*** DATA SHOWN Section Begins ***

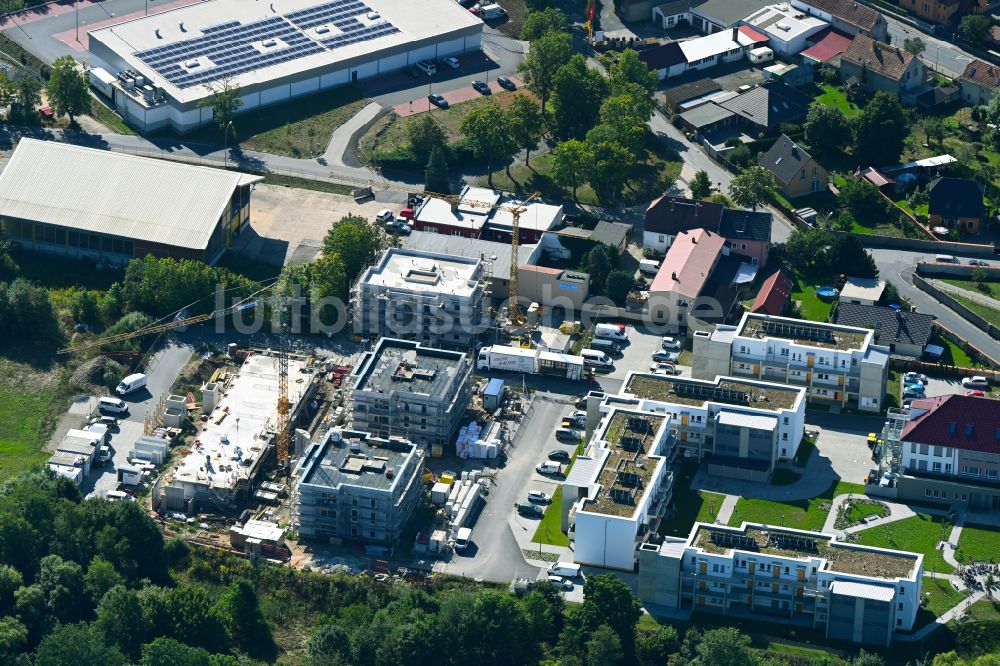 Luftbild Radeburg - Baustelle Wohngebiet einer Mehrfamilienhaussiedlung - Wohnquartier Am Hofwall in Radeburg im Bundesland Sachsen, Deutschland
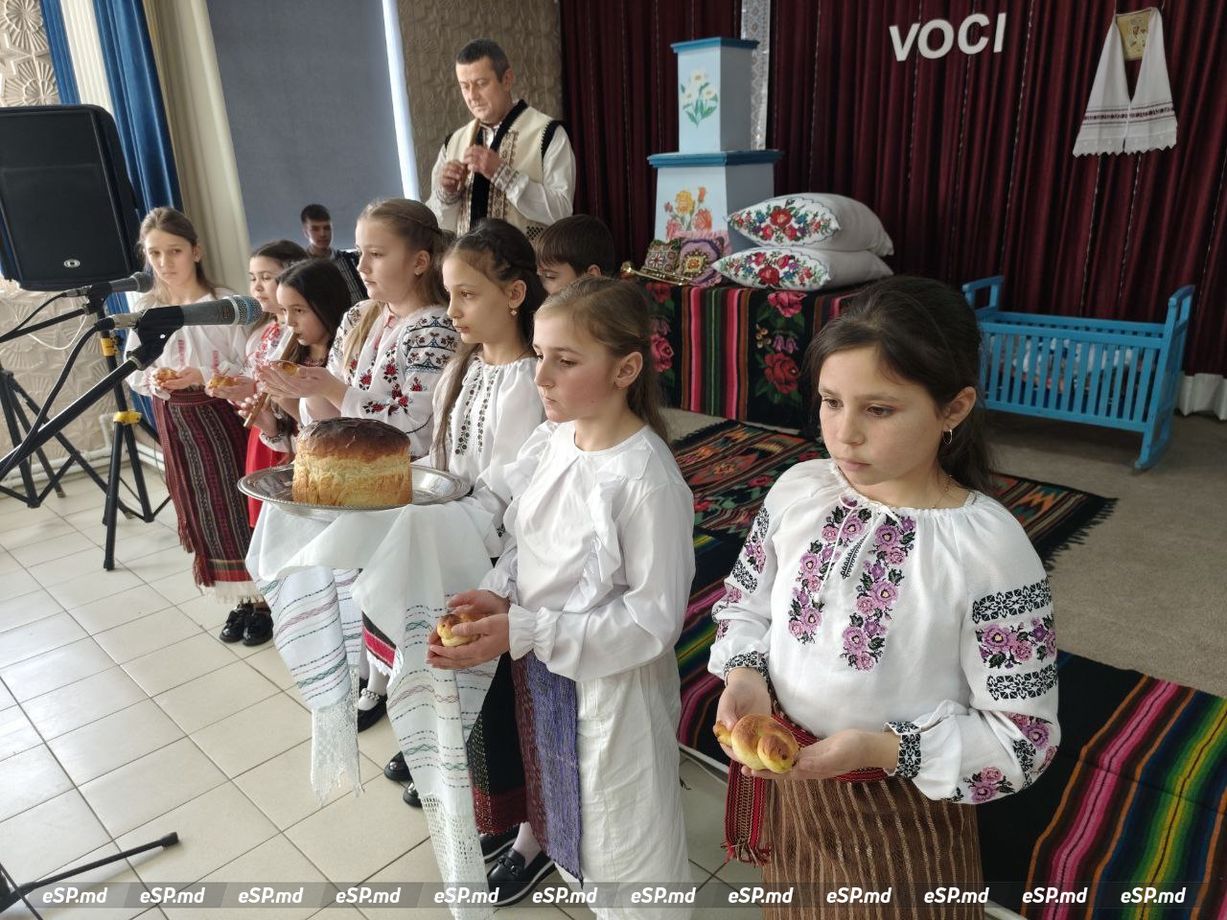 Сестры Осояну в Володянах и Блештенах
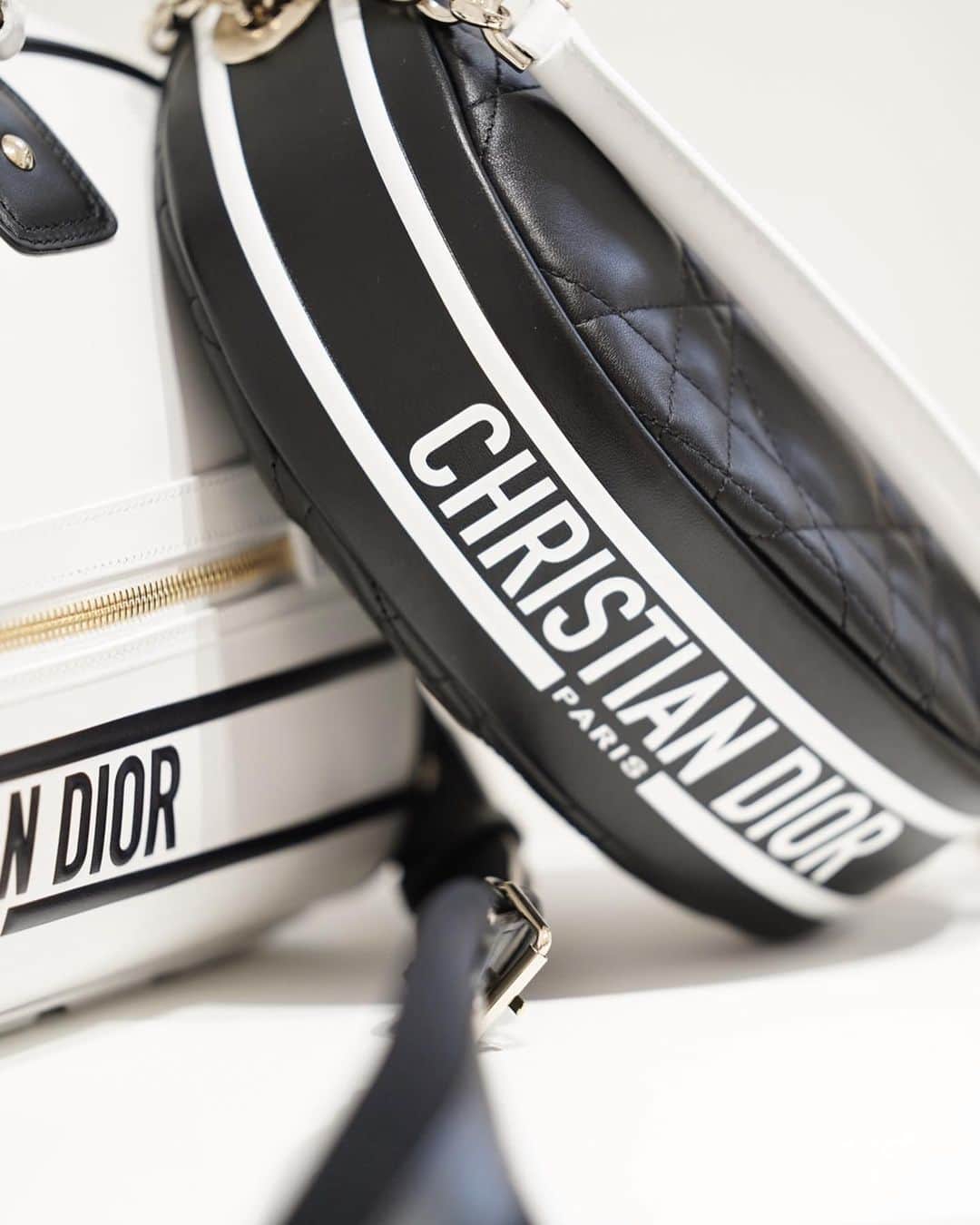 高垣麗子さんのインスタグラム写真 - (高垣麗子Instagram)「*  スポーツウェアの世界とディオールの伝統を融合させた新しいバッグのライン「DiorVibe」  遊び心を持って気軽に身につけていたいな、と思わせてくれたよ♡  * @Dior #DiorVibe  #Dior #InCollaborationWithDior」1月6日 20時32分 - reikotakagaki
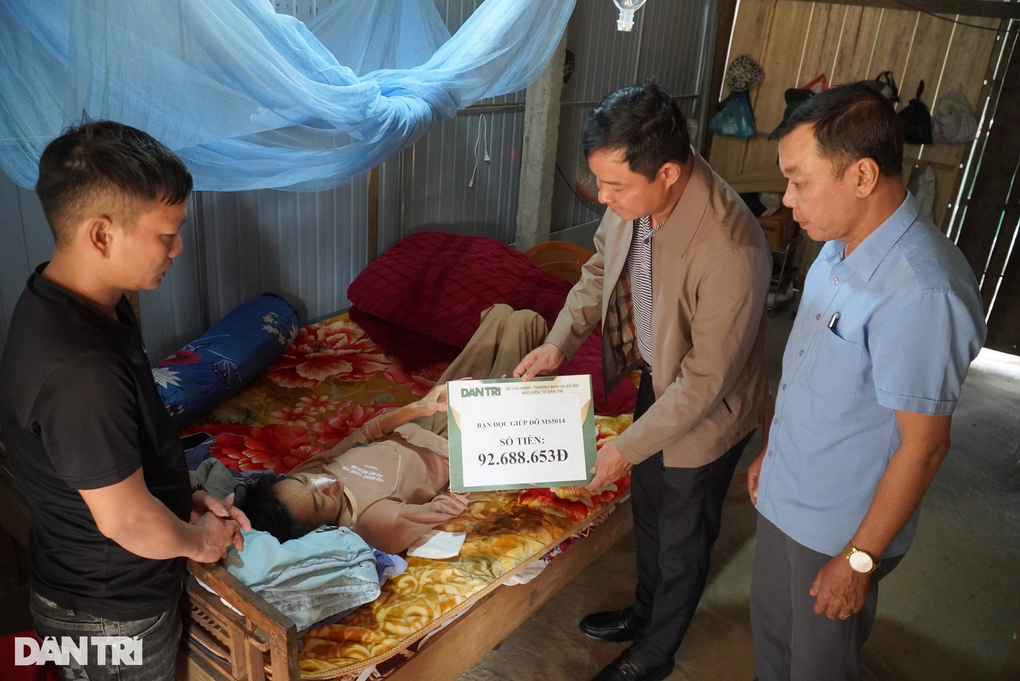 Người mẹ ung thư, con 8 tuổi bơ vơ được giúp đỡ hơn 210 triệu đồng - 1 Người mẹ ung thư, con 8 tuổi bơ vơ được giúp đỡ hơn 210 triệu đồng - 1
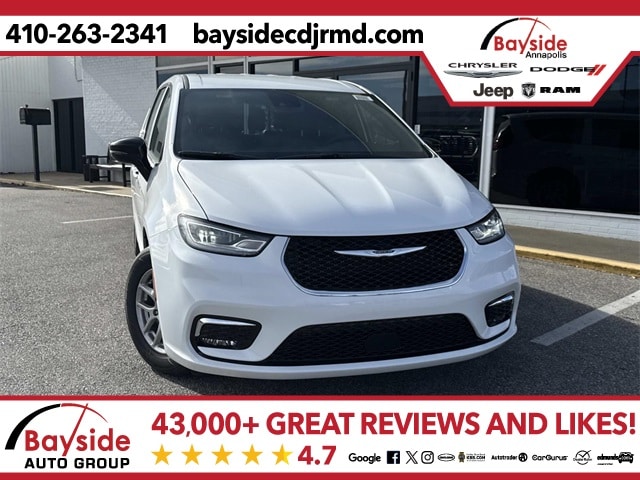 2026 Chrysler Pacifica Select's photo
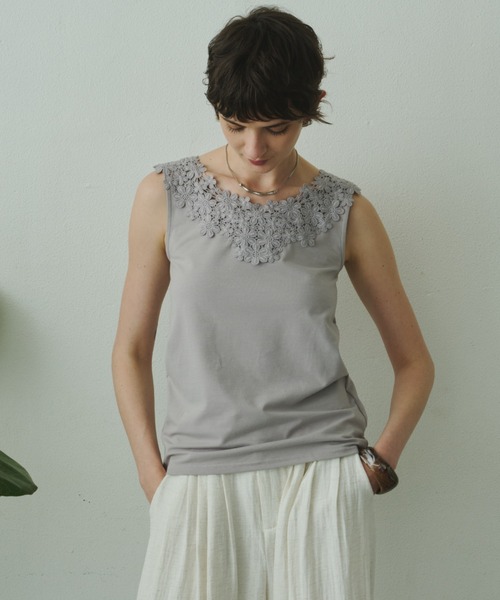 Plumel(プルメル)の「Round Lace Neck Tank Top / ラウンドレースネックタンクトップ(Tシャツ/カットソー・レディース・ブラック/グレー/オフホワイト・MEDIUM)」の13枚目の写真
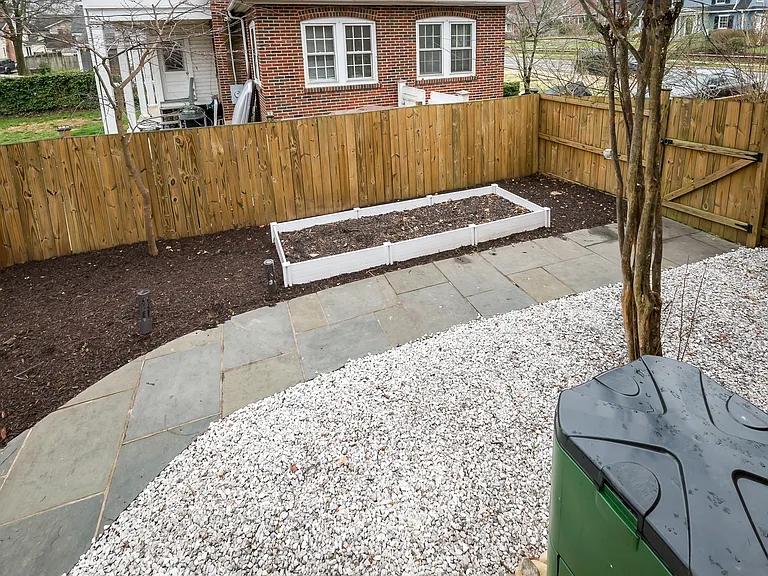 407 Russell Rd — Photo 56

*** DATA SHOWN Section Ends ***

Pictures stay out, but everything else in the records must be output exactly.

 Luftbild Radeburg - Baustelle Wohngebiet einer Mehrfamilienhaussiedlung - Wohnquartier Am Hofwall in Radeburg im Bundesland Sachsen, Deutschland
 Сестры Осояну в Володянах и Блештенах
 高垣麗子さんのインスタグラム写真 - (高垣麗子Instagram)「*  スポーツウェアの世界とディオールの伝統を融合させた新しいバッグのライン「DiorVibe」  遊び心を持って気軽に身につけていたいな、と思わせてくれたよ♡  * @Dior #DiorVibe  #Dior #InCollaborationWithDior」1月6日 20時32分 - reikotakagaki
 Người mẹ ung thư, con 8 tuổi bơ vơ được giúp đỡ hơn 210 triệu đồng - 1 Người mẹ ung thư, con 8 tuổi bơ vơ được giúp đỡ hơn 210 triệu đồng - 1
 2026 Chrysler Pacifica Select's photo
 Plumel(プルメル)の「Round Lace Neck Tank Top / ラウンドレースネックタンクトップ(Tシャツ/カットソー・レディース・ブラック/グレー/オフホワイト・MEDIUM)」の13枚目の写真
 407 Russell Rd — Photo 56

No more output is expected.